I have uploaded plans for a rotary steam regulator that I constructed for my D10 powered steam tug. The regulator is designed for RC servo control.

Cheers,

Adrian 







View attachment Regulator Drawings - Imperial Ver 2.pdf


----------



## Blogwitch (Aug 9, 2010)

Adrian,

Very nice indeed, thank you.

I do like the little 'nick' idea, I had seen it on rubber faced control units, but never thought to use it like you have. Brilliant!


Bogs


----------



## tel (Aug 9, 2010)

Thanks Adrian, I've squirreled that one away for when my boat project gets up and running.


----------



## xo18thfa (Aug 10, 2010)

Thanks Adrian. A nice design and it look cool too.


----------



## mcr (Aug 10, 2010)

Many thanks I have just finished my steam control valve and thought I could improve on it these plans are the answer thanks again.
Mark


----------



## mcr (Aug 11, 2010)

Could anybody explain how the valve remains seated to the intake?


----------



## around (Aug 11, 2010)

MCR,

Pressure inside the regulator body keeps the valve firmly seated whenever it is covering all (or any) of the outlet port. The valve "floats" on the drive shaft to ensure that this sealing can take place.
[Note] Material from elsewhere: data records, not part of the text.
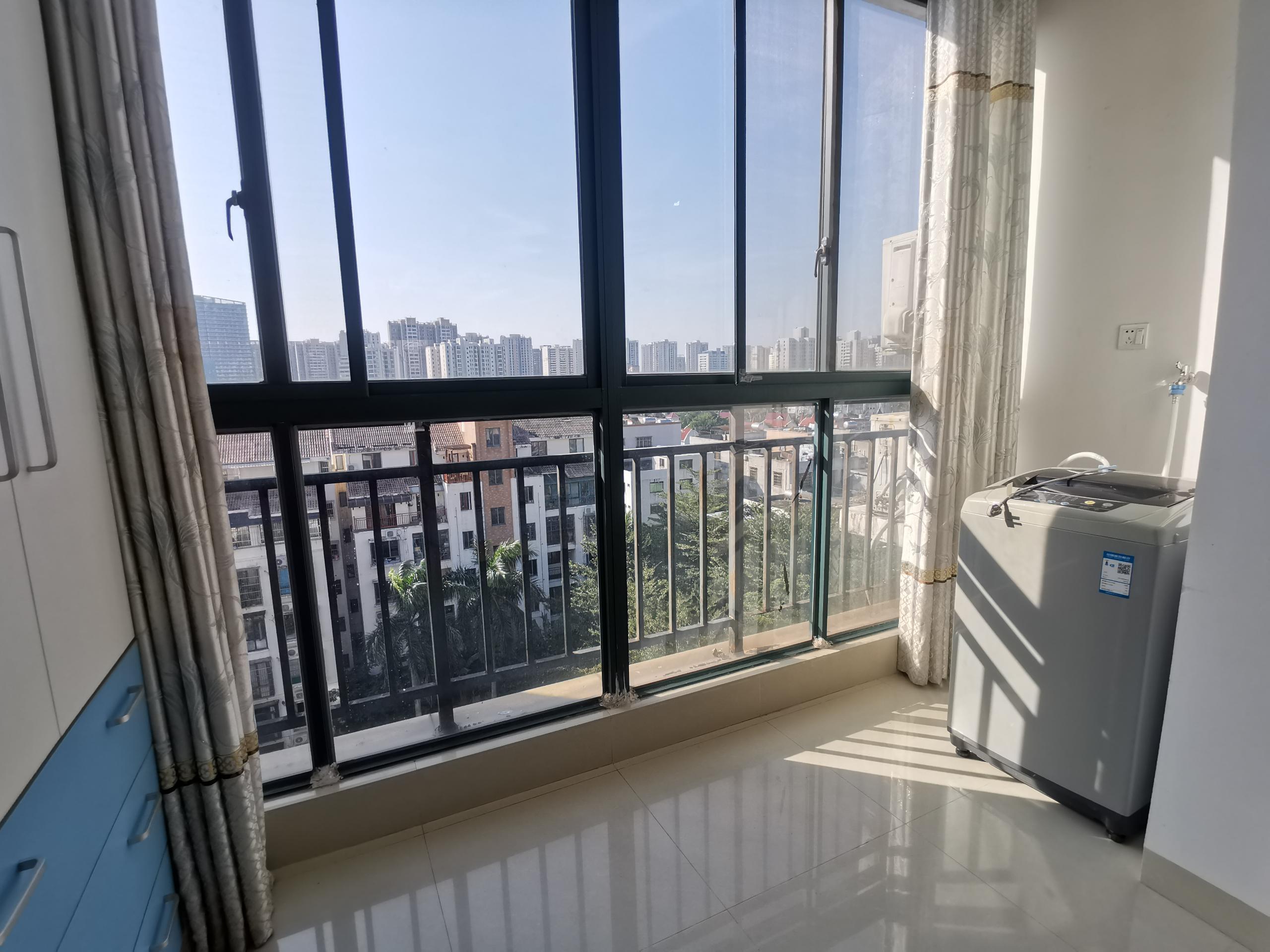 金茂滨江温泉 精装温馨一房 环境好 生活方便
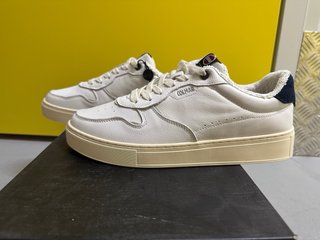Zapatillas Colmar Piel Beige/Blanco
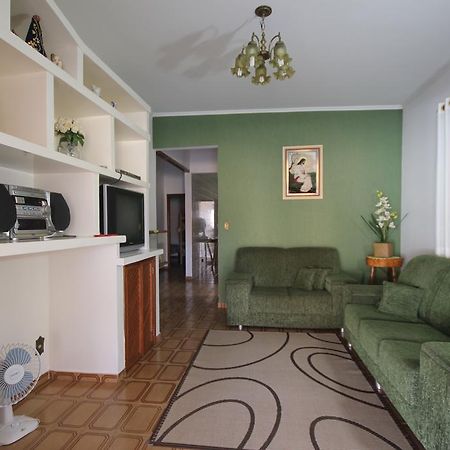 Casa Temporada Gratao 06 Min Dos Parques Thermas Olímpia Eksteriør billede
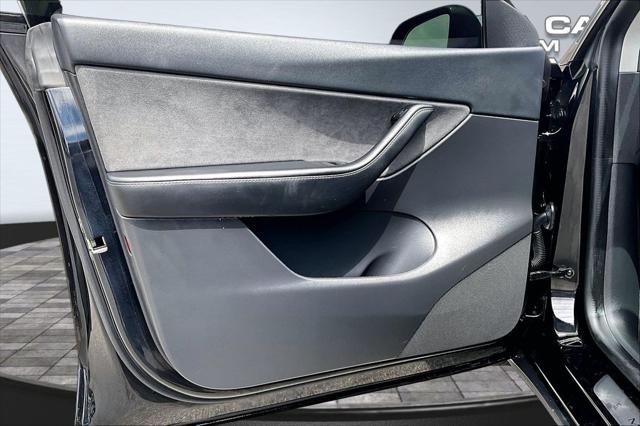 2022 Tesla Model Y Long Range Dual Motor All-Wheel Drive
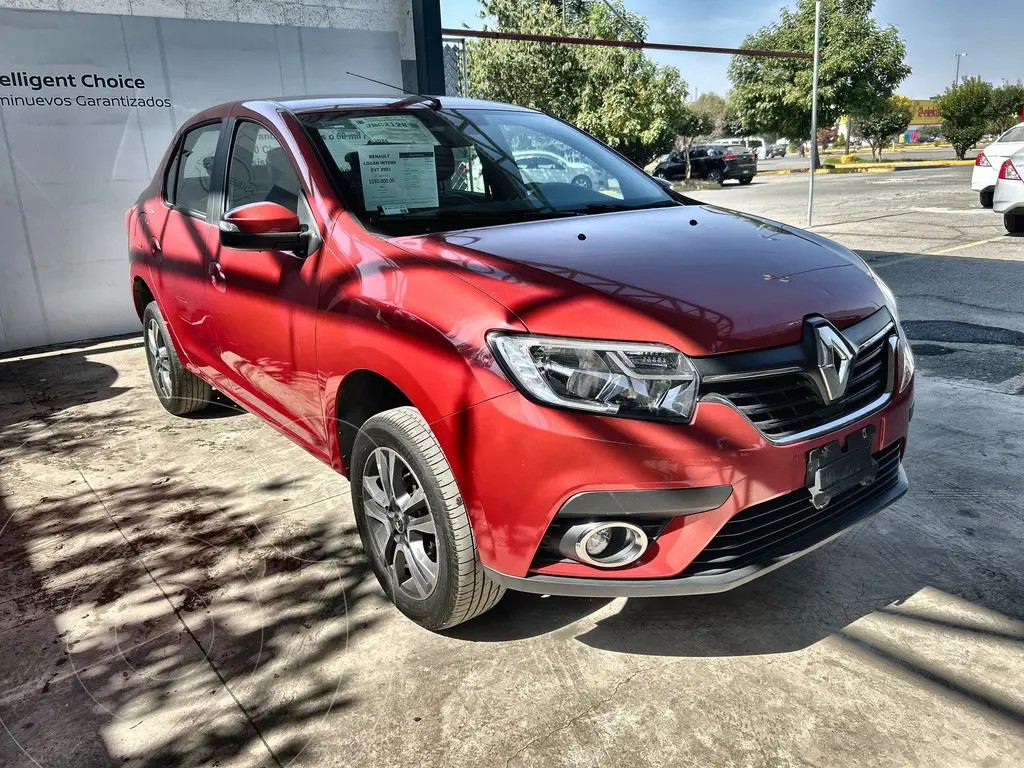 foto Renault Logan Intens usado (2023) color Rojo precio $250,000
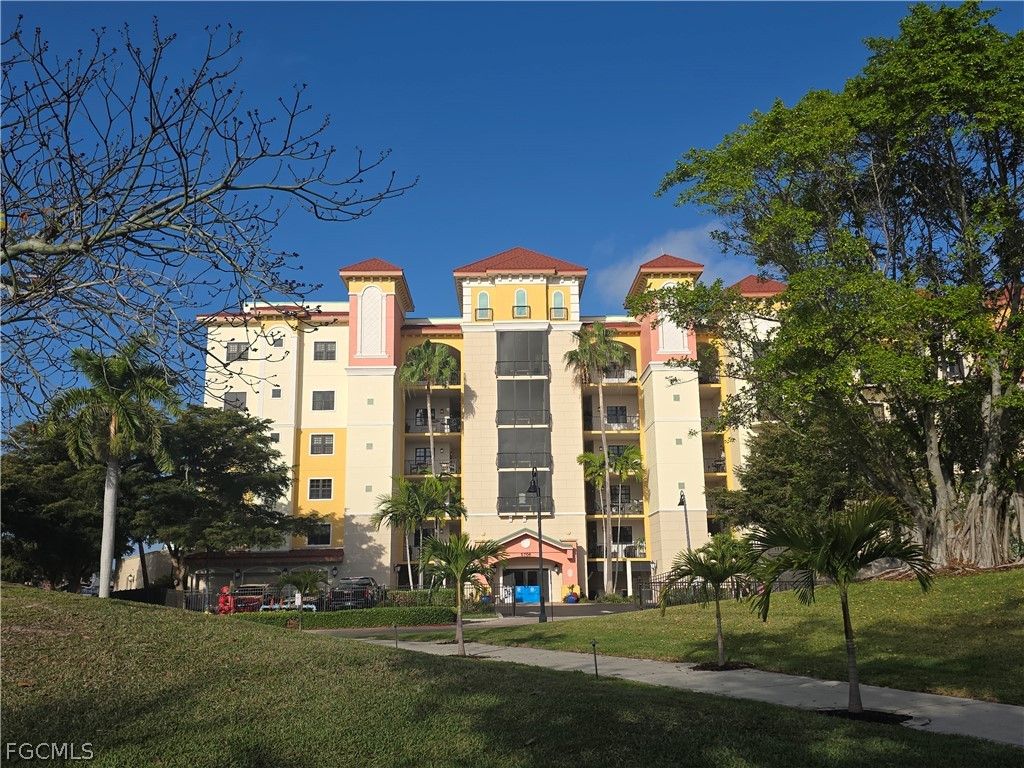 5706 Cape Harbour DR 211, Cape Coral, FL 33914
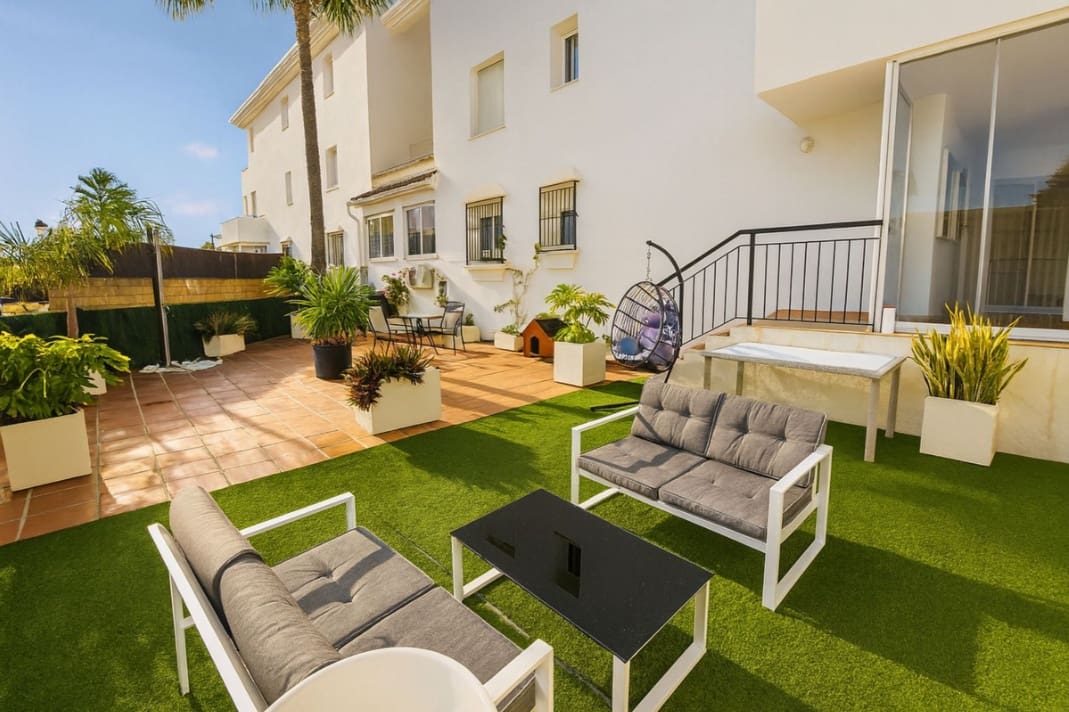 2 quarto Apartamento para venda em La Duquesa / Puerto de la Duquesa com piscina garagem - 349 950 € (Ref: 9856092)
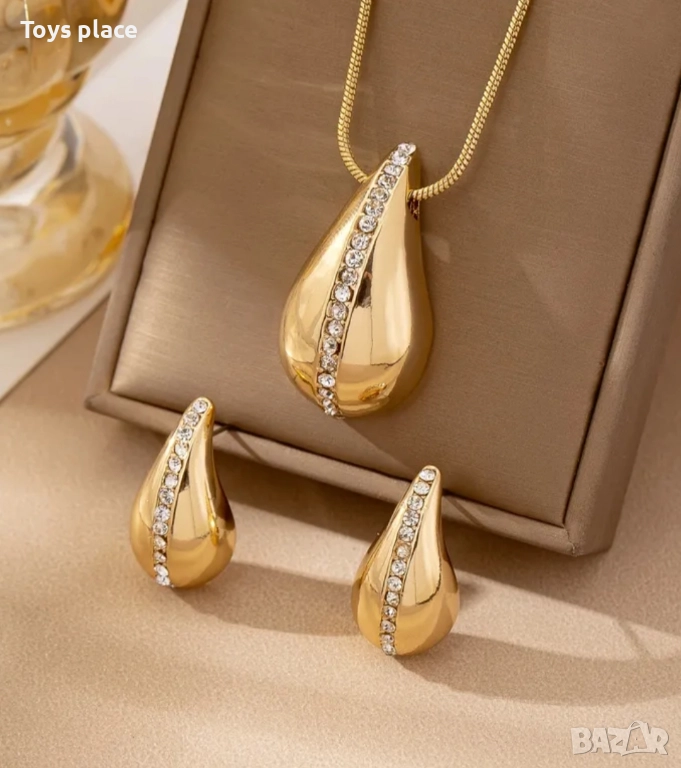 Стилен комплект колие + обеци НОВ, снимка 1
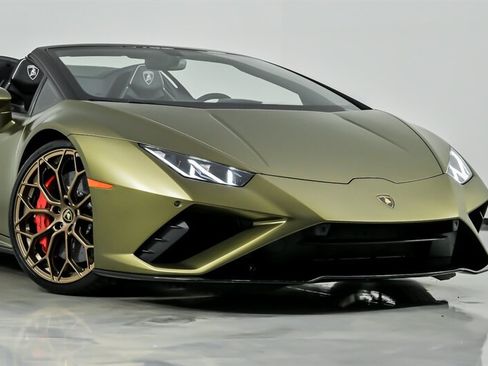 Used 2022 Lamborghini Huracan EVO RWD image 3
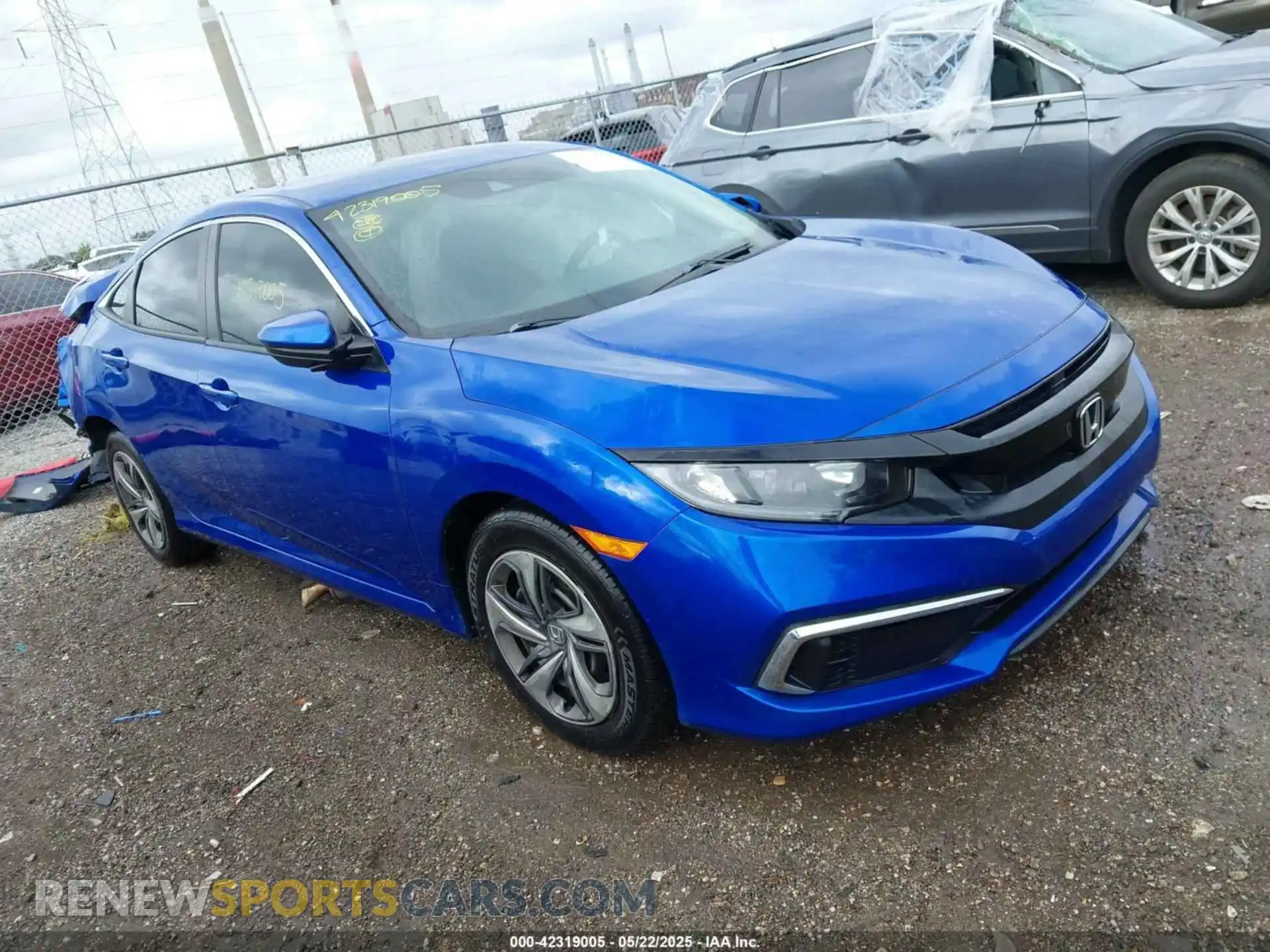 1 Photograph of a damaged car 19XFC2F66LE030527 HONDA CIVIC 2020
Lapping to valve to the body ensures that the seal does not leak. I run the valve at 60 psi and it seals nicely on both air and steam.

Cheers,

Adrian


----------



## mcr (Aug 11, 2010)

Silly me got it now the intake and out put tubes wrong way around in my head !


----------



## around (Aug 11, 2010)

The regulator was designed to fit onto the D10 steam manifold with a displacement lubricator. The space restrictions in the hull of the model meant that the regulator sits below the manifold with the displacement regulator plugged into the normal manifold input port. Hence, the output is at the top.

Cheers,

Adrian


----------



## mcr (Aug 14, 2010)

Still needs a little lapping I think but many thanks for the design and your help Adrian
[ame]http://www.youtube.com/watch?v=RNSuMjkFRzM[/ame]
Mark


----------